PA‑MIL processes a WSI by dividing it into M patches, extracting patch embeddings with a pretrained image encoder (e.g., ResNet‑50), and encoding phenotype names plus descriptions with a frozen CLIP‑style text encoder. A learnable cross‑attention module aligns the textual embeddings (queries) with the patch embeddings (keys/values), producing N phenotype‑specific feature vectors V_j for each slide. To enforce that the same phenotype across different slides yields similar embeddings while different phenotypes stay distinct, a contrastive loss is applied, with cluster centers updated via a momentum scheme.

The phenotype feature vectors are passed through a bottleneck linear layer followed by layer‑normalization to produce saliency scores S_j for each phenotype. These scores serve as interpretable concepts: a linear classifier then predicts the cancer subtype from S_j, making the contribution of each phenotype directly readable. Because the classifier is linear, the weight of each phenotype reflects its diagnostic importance.

To further guide the model, the authors design a Genotype‑to‑Phenotype Neural Network (GP‑NN) that consumes RNA‑Seq data. For each phenotype, the corresponding gene set is fed into a dedicated MLP, yielding genotype‑derived phenotype features Z_j. The same bottleneck‑LN pipeline predicts saliency scores ˆS_j, which are used to classify the subtype. GP‑NN shares the same architecture as PA‑MIL, allowing it to act as a teacher: its phenotype features and saliency predictions provide multi‑level supervision (feature‑level and concept‑level) to PA‑MIL during training.

Training optimizes three components: (1) contrastive loss for phenotype feature separation, (2) a loss aligning PA‑MIL saliency scores with GP‑NN predictions, and (3) cross‑entropy loss for the final subtype classification. The combined objective enables PA‑MIL to learn phenotype‑aware representations that are biologically grounded and visually discriminative.

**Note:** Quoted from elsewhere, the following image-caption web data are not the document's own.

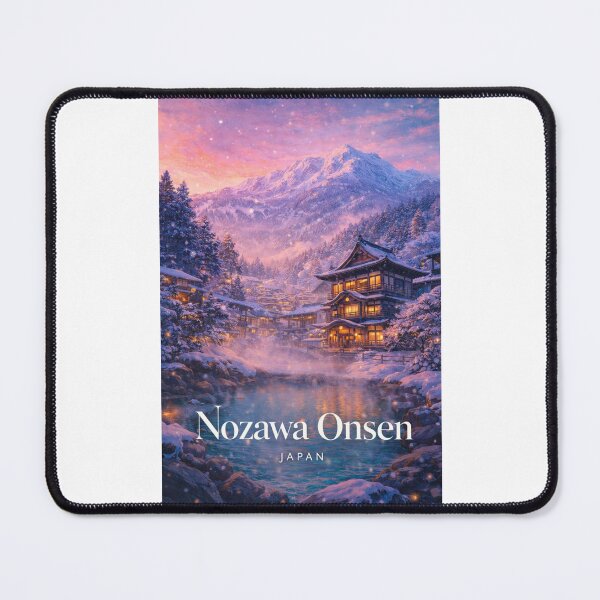 Item preview, Nozawa Onsen Nagano Japanese Alps Shinetsu Highlands Snow Village designed and sold by Places On Earth.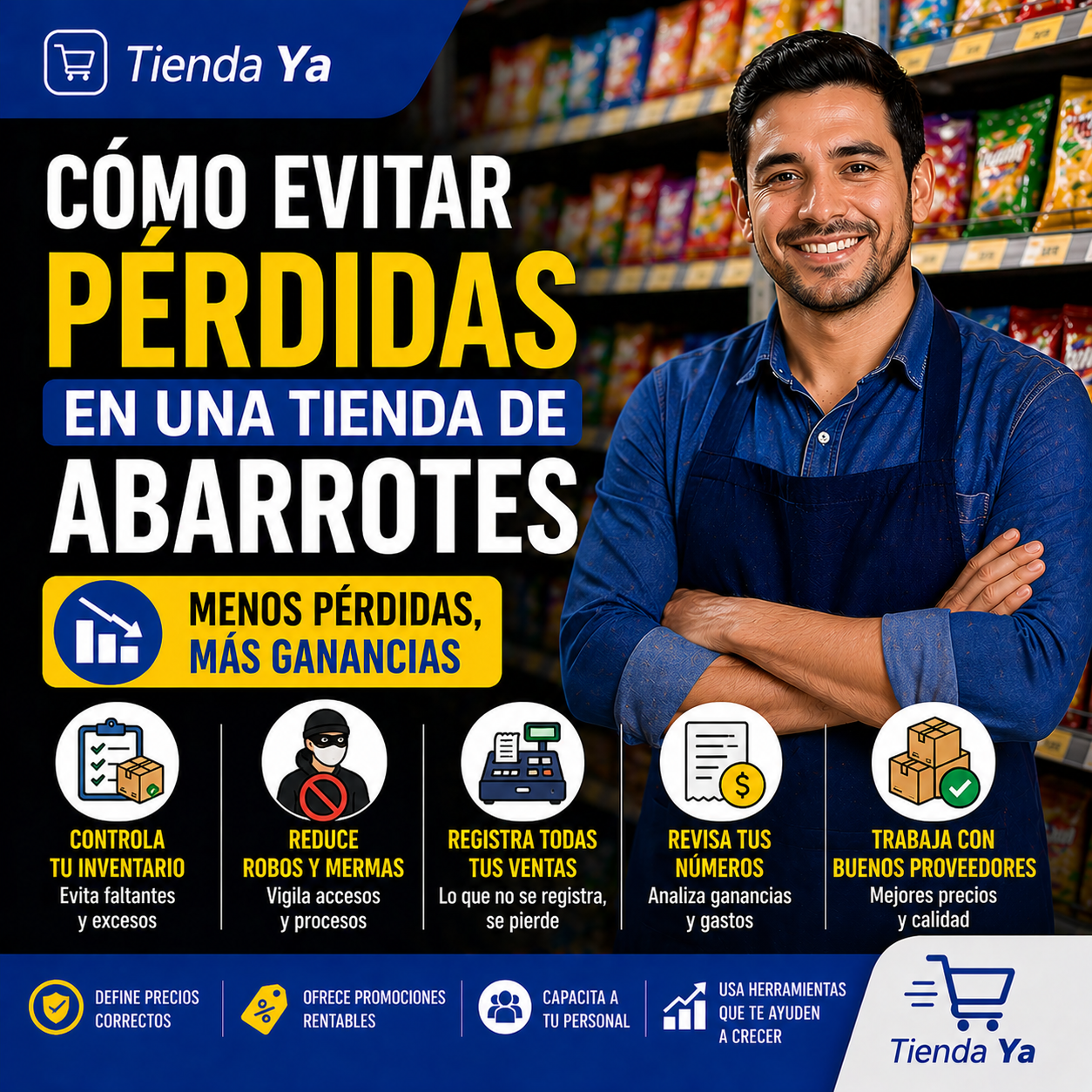Cómo Evitar pérdidas en una tienda de abarrotes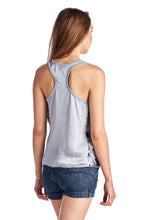 Urban Love Printed Tie Dye Racerback Tank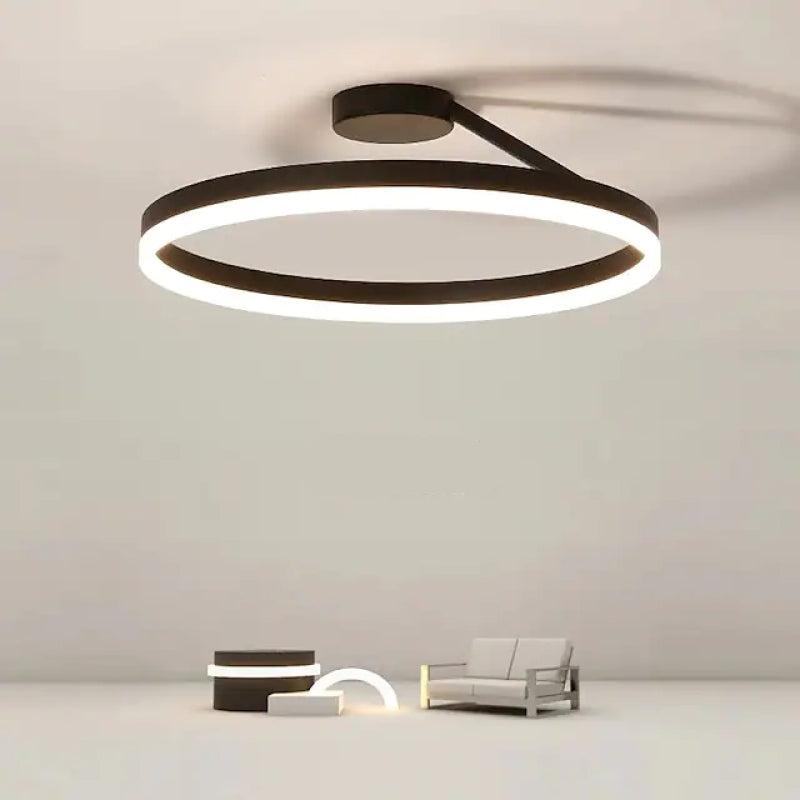 AureliaGlow Gold LED Ceiling Light For Living Rooms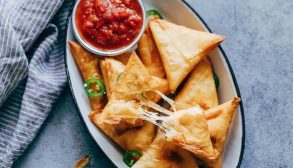 طرز تهیه سمبوسه پیتزایی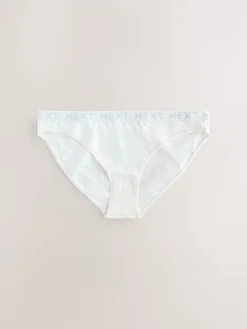 Pastel - 4 Katoenen slipjes met logotailleband*Next Clearance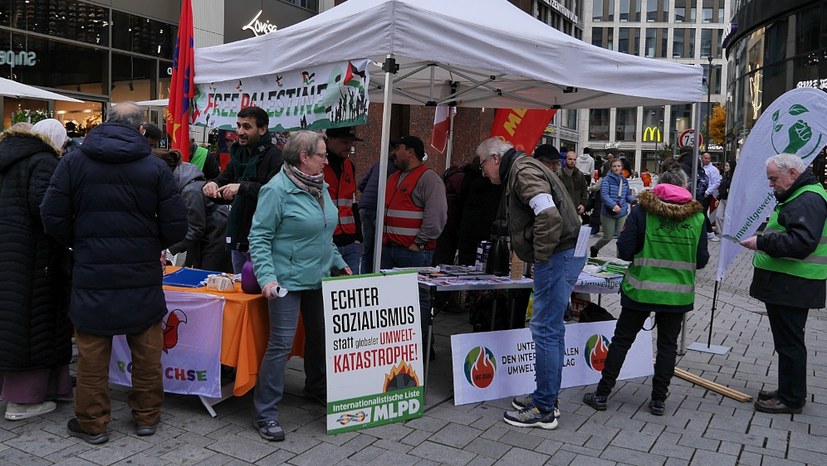 Kämpferische Aktivitäten zur Rettung der Umwelt, gegen Krieg und Faschismus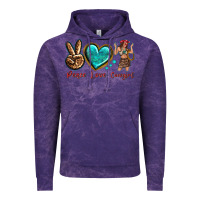 Cloud Purple peace love cowgirl Vintage Hoodie - texasbilliewilder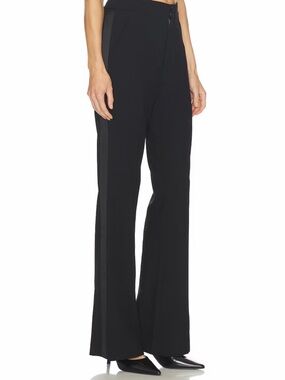 A.L.C. Black Wide-Leg Tuxedo Stripe Pants SIZE 6 Sophie II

Experiments on several TCGA cohorts (lung adenocarcinoma vs. squamous cell carcinoma, gastric cancer, breast cancer) show that PA‑MIL achieves AUCs comparable to or slightly better than state‑of‑the‑art MIL methods such as ABMIL, DSMIL, and CLAM. Importantly, the phenotype saliency maps align with pathologists’ diagnostic cues (e.g., acinar structures, keratinization, intercellular bridges). The GP‑NN analysis further reveals biologically plausible genotype‑phenotype links, such as KRAS mutations correlating with acinar morphology and EGFR alterations with keratinization, confirming that the model’s internal reasoning mirrors known molecular pathology.

The authors discuss limitations: the phenotype knowledge base relies on expert‑curated LLM outputs, requiring reconstruction for new cancer types; large paired WSI‑transcriptome datasets are scarce; and the linear classifier, while interpretable, may limit performance on more nuanced subtyping tasks. Future work could explore automated phenotype discovery, integration of single‑cell transcriptomics, and hybrid models balancing interpretability with non‑linear predictive power.

In summary, PA‑MIL bridges language, genomics, and image analysis to embed clinically meaningful phenotypes within a MIL framework, delivering both high diagnostic accuracy and transparent, concept‑level explanations—an important step toward trustworthy AI in pathology.